Often, in languages like C# we resort to predicative data modelling. That's also what I did in the article ASP.NET validation revisited.

Validation as functions #

That was a long rambling detour inspired by a simple question: Is it possible to use types instead of validation?

In order to address that question, it's only proper to explicitly state assumptions and definitions. What's the definition of validation?

I'm not aware of a ubiquitous definition. While I could draw from the Wikipedia article on the topic, at the time of writing it doesn't cite any sources when it sets out to define what it is. So I may as well paraphrase. It seems fair, though, to consider the stem of the word: Valid.

Validation is the process of examining input to determine whether or not it's valid. I consider this a (mostly) self-contained operation: Given the data, is it well-formed and according to specification? If you have to query a database before making a decision, you're not validating the input. In that case, you're applying a business rule. As a rule of thumb I expect validations to be pure functions.

Validation, then, seems to imply a process. Before you execute the process, you don't know if data is valid. After executing the process, you do know.

Data types, whether predicative like NaturalNumber or constructive like EvenCollection<T>, aren't processes or functions. They are results.

An arrow labelled 'validation' pointing from a document to the left labelled 'Data' to a box to the right labelled 'Type'.

Sometimes an algorithm can use a type to infer the validation function. This is common in statically typed languages, from C# over F# to Haskell (which are the languages with which I'm most familiar).
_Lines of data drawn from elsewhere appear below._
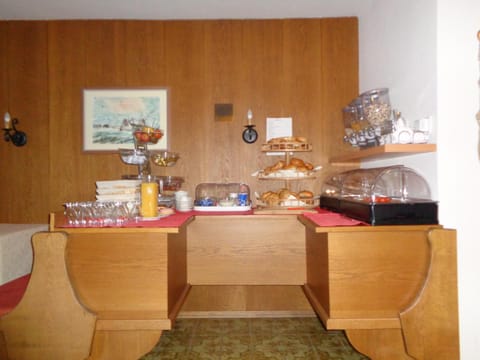 Continental breakfast, Buffet breakfast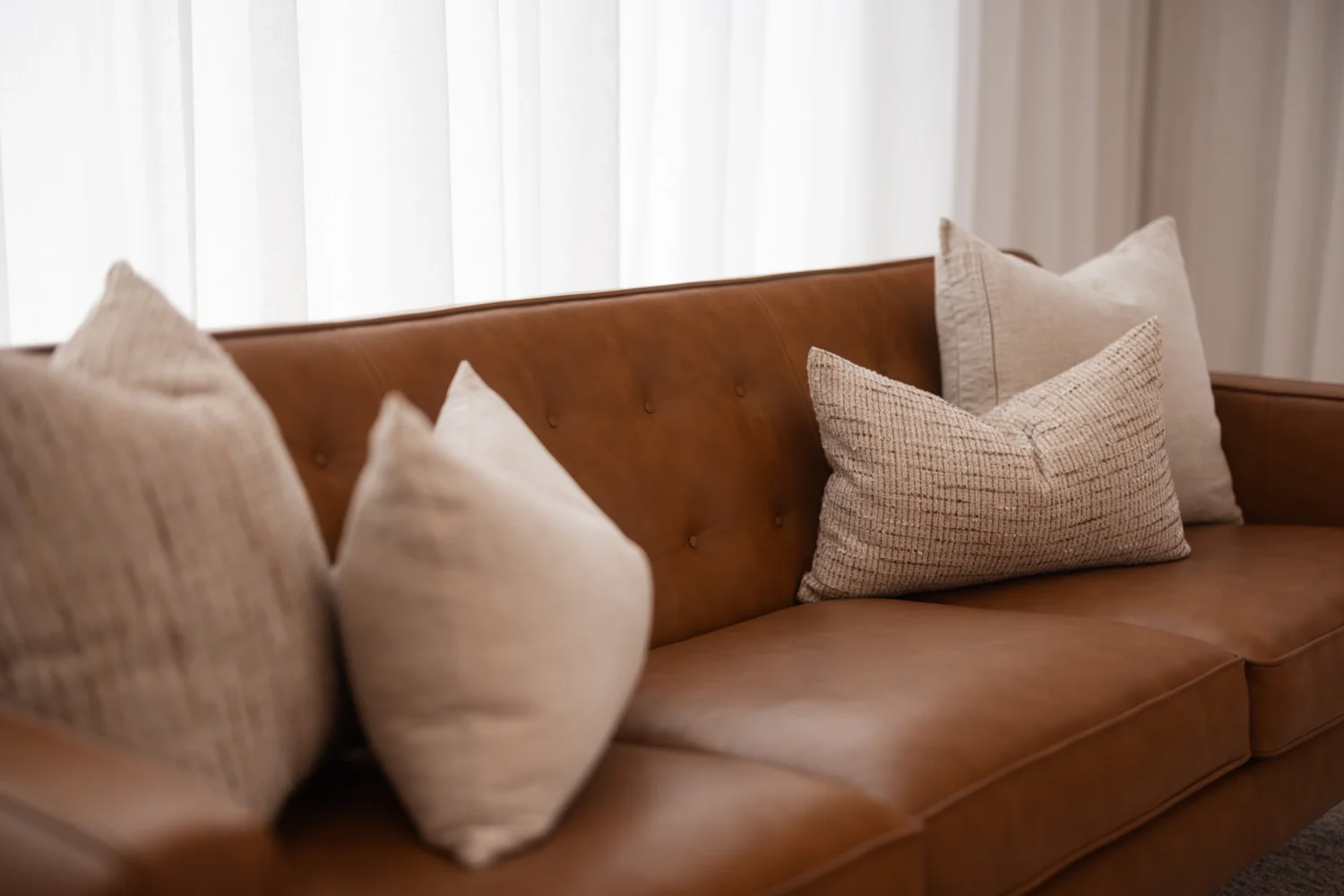 Chiswick Leather 3 Seater Sofa - Image 5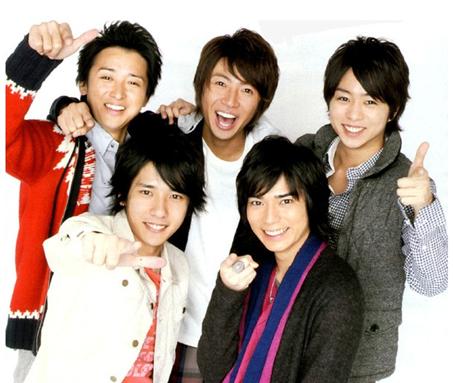 粉头教唆未成年给偶像集资,初二女生连吃一学期方便面致停经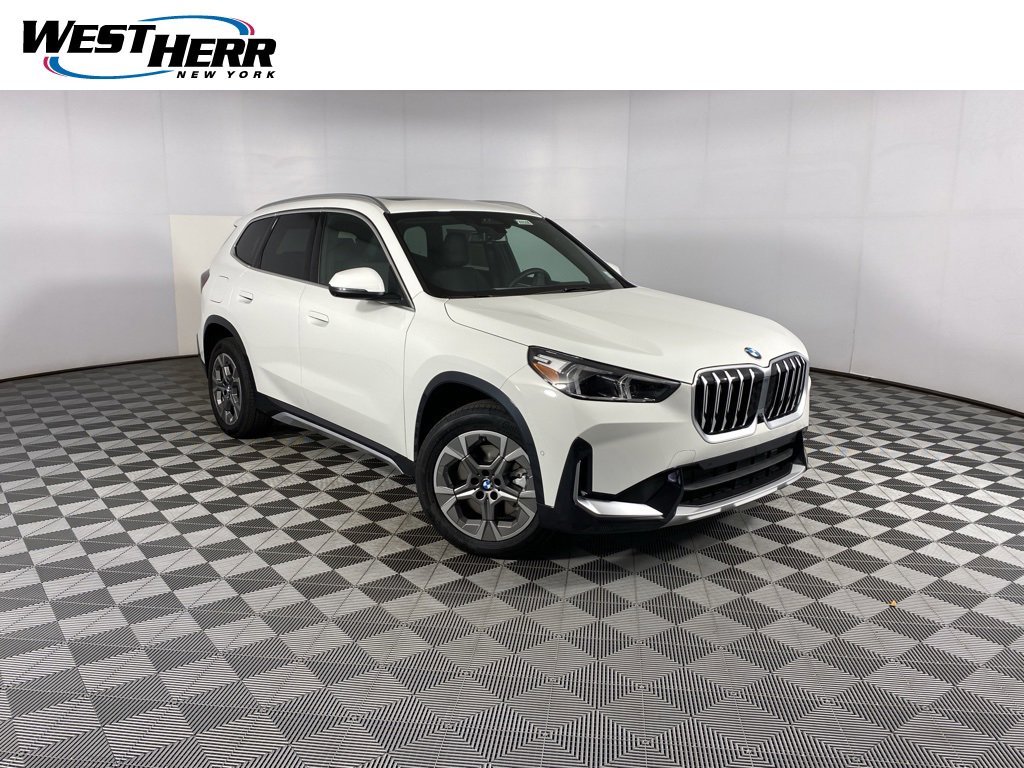 New 2026 BMW X1 xDrive28i w/ Technology Package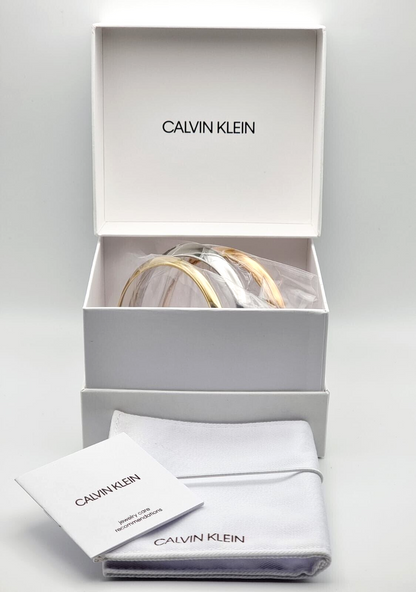 Calvin Klein Groovy Damen-Armband aus Edelstahl in Mehrfarbig, elegant und modern, zeigt das stilvolle Design und die farbigen Details.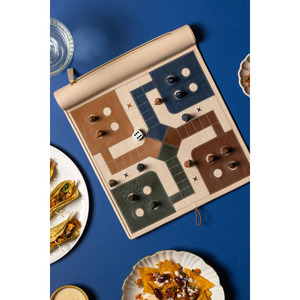 Juego de Ludo Enrollable de Cuero con Dados y Fichas Multicolores, Portátil para Viajes Familiares y Entretenimiento - Product Image 1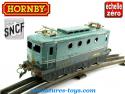 La locomotive électrique BB 8051 bicolore en miniature Hornby échelle 0 O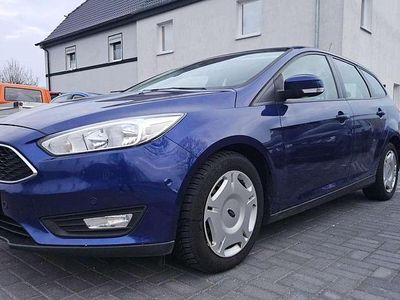 Gebraucht Ford Focus Business Edition 120 PS (88 kW) 2015 Blau Kombi
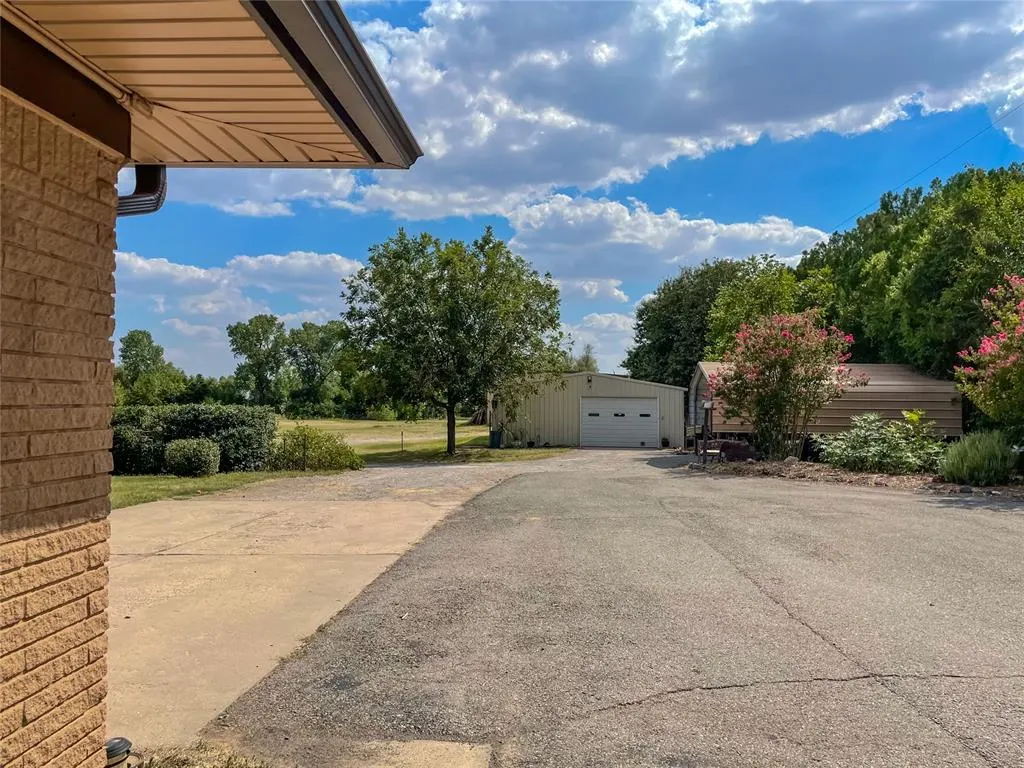 Photo 8 — 16100 W Britton Road, Yukon, OK 73099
Data Transfer Object as a validation DSL #

In a way you can think of the type system as a domain-specific language (DSL) for defining validation functions. It's not perfectly suited for that task, but often good enough that many developers reach for it.

Consider the ReservationDto class from the ASP.NET validation revisited article where I eventually gave up on it:

public sealed class ReservationDto
{
    public LinkDto[]? Links { get; set; }
    public Guid? Id { get; set; }
    [Required, NotNull]
    public DateTime? At { get; set; }
    [Required, NotNull]
    public string? Email { get; set; }
    public string? Name { get; set; }
    [NaturalNumber]
    public int Quantity { get; set; }
}

It actually tries to do what Maurice Johnson suggests. Particularly, it defines At as a DateTime? value.
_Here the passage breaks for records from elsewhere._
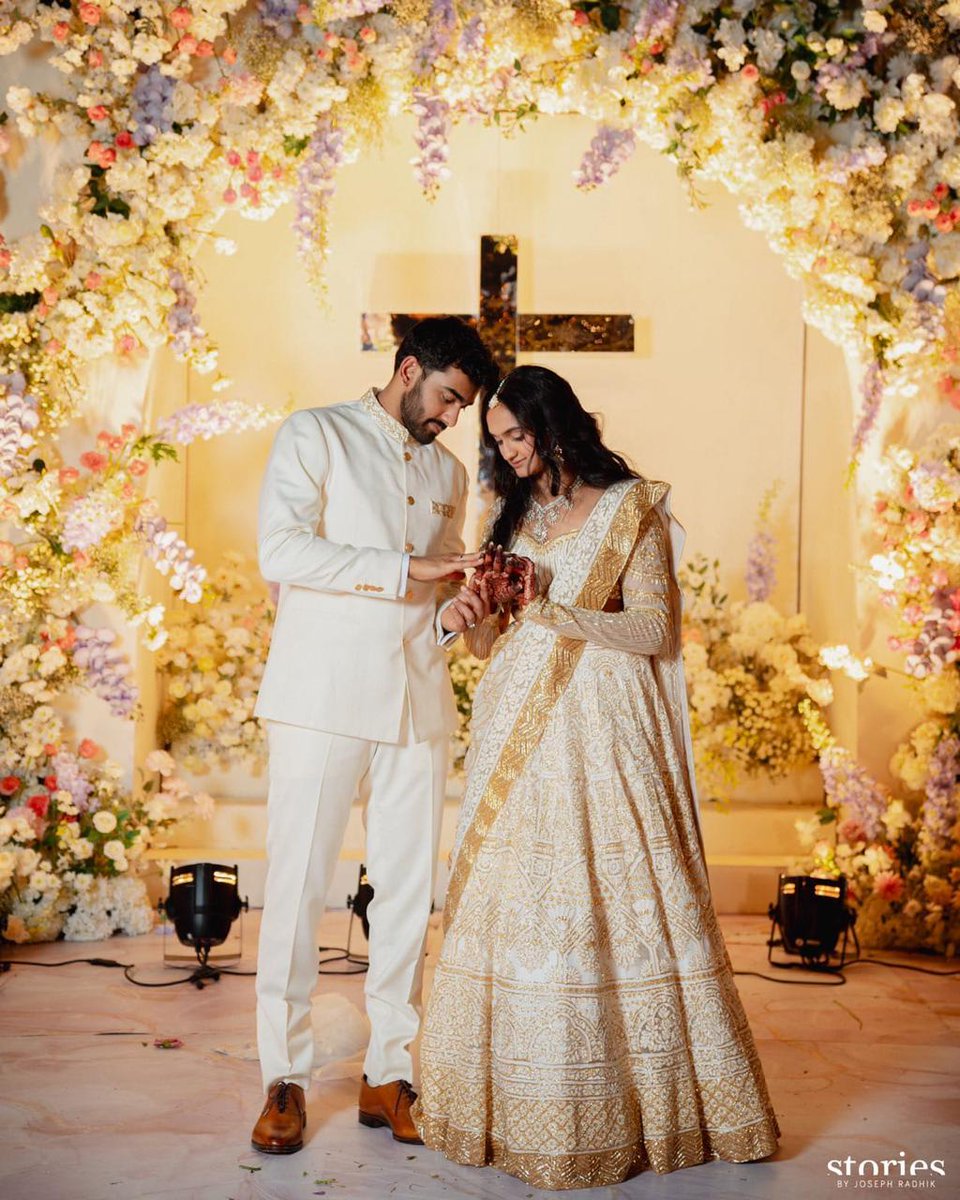 Andhra Pradesh Congress chief YS Sharmila's son Raja Reddy gets married to  Priya, their wedding video and photos. #YSSharmila #RajaPriya, image size:960x1200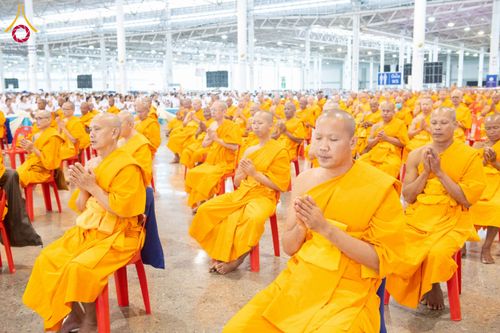 ภาพ No.277144:วันอาทิตย์ที่ 7 ธันวาคม พ.ศ. 2568 พิธีบูชาข้าวพระ ณ สภาธรรมกายสากล วัดพระธรรมกาย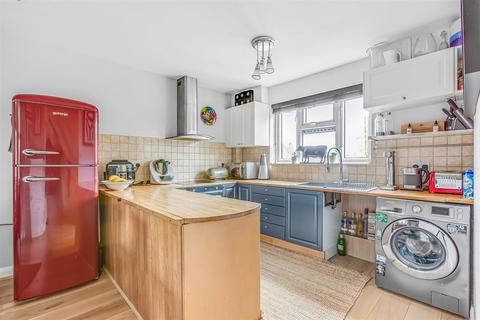 3 bedroom flat for sale, Mortlake High Street, Mortlake, London, SW14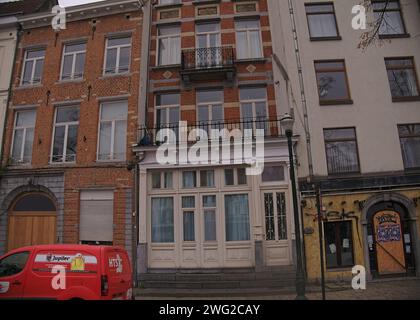 Bruxelles, Belgique. 2 février 2024. Architecture de Bruxelles. Photographie de rue. Bâtiment sur la rue Quai aux briques. Porte blanche à l'entrée Banque D'Images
> var json = "{ \"At\": \"2022-10-11T19:30\", \"Email\": \"z@example.com\", \"Quantity\": 1}";
> JsonSerializer.Deserialize<ReservationDto>(json)
ReservationDto { At=[11.10.2022 19:30:00], Email="z@example.com", Id=null, Name=null, Quantity=1 }

A JSON deserializer like this one uses run-time reflection to examine the type in question and then maps the incoming data onto an instance. Many XML deserializers work the same way.
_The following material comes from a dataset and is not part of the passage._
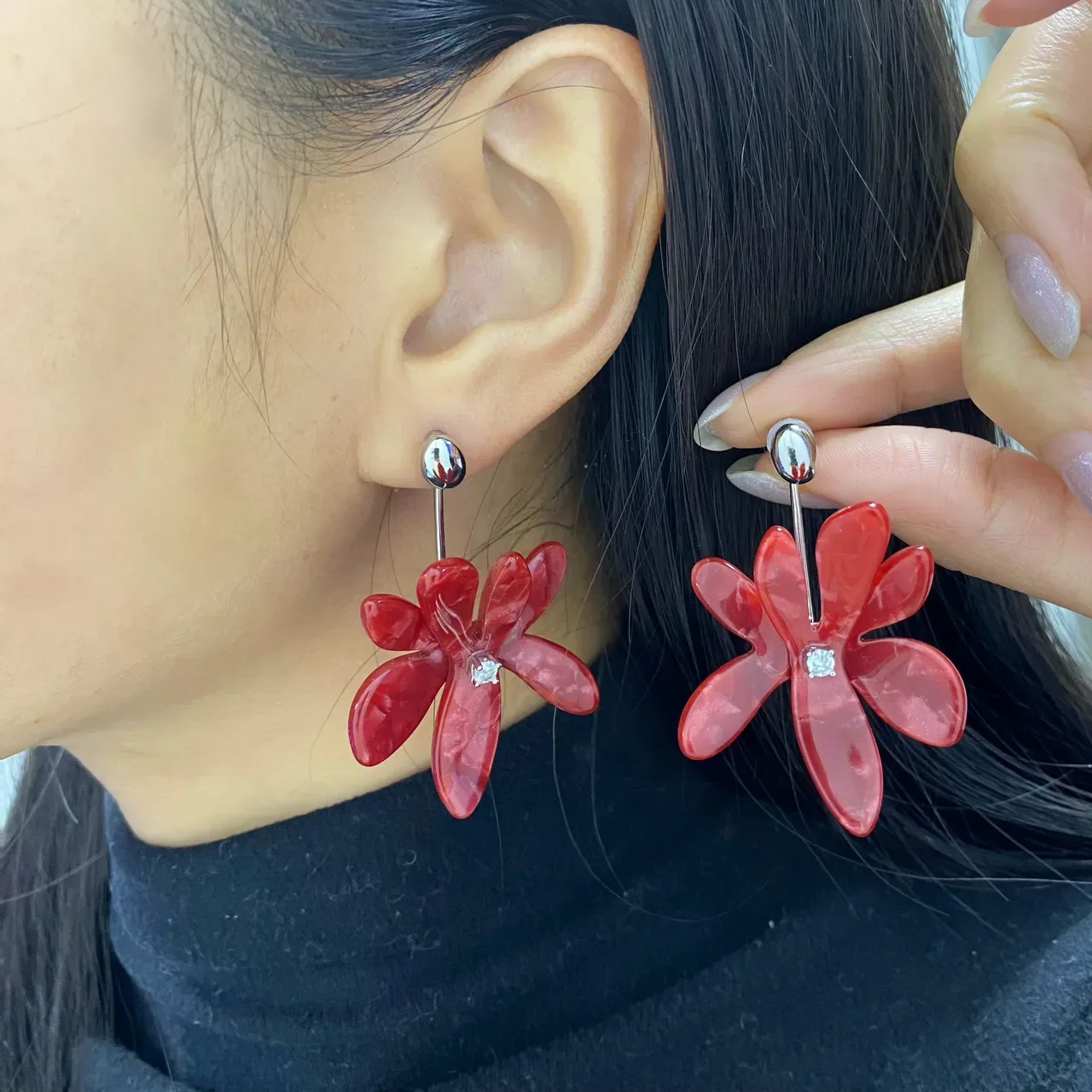 HEFANG Red Silver Floral Motif Glossy Resin Petals Earrings 3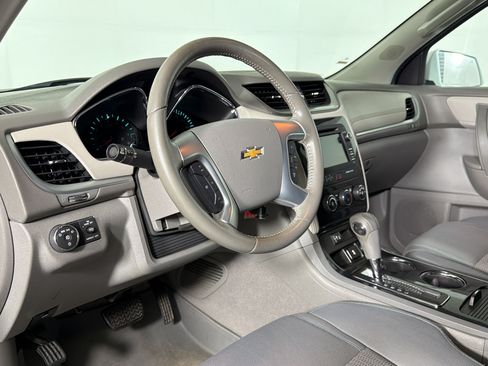 Used 2017 Chevrolet Traverse LT FWD image 3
What happens if you supply malformed input?

> var json = "{ \"At\": \"foo\", \"Email\": \"z@example.com\", \"Quantity\": 1}";
> JsonSerializer.Deserialize<ReservationDto>(json)
System.Text.Json.JsonException:↩
The JSON value could not be converted to System.Nullable`1[System.DateTime].↩
Path: $.At | LineNumber: 0 | BytePositionInLine: 26.↩
[...]

(I've wrapped the result over multiple lines for readability. The ↩ symbol indicates where I've wrapped the text. I've also omitted a stack trace, indicated by [...]. I'll do that repeatedly throughout this article.)

What happens if we try to define ReservationDto.Quantity with NaturalNumber?

> var json = "{ \"At\": \"2022-10-11T19:30\", \"Email\": \"z@example.com\", \"Quantity\": 1}";
> JsonSerializer.Deserialize<ReservationDto>(json)
System.Text.Json.JsonException:↩
The JSON value could not be converted to NaturalNumber.↩
Path: $.Quantity | LineNumber: 0 | BytePositionInLine: 67.↩
[...]

While JsonSerializer is a sophisticated piece of software, it's not so sophisticated that it can automatically map 1 to a NaturalNumber value.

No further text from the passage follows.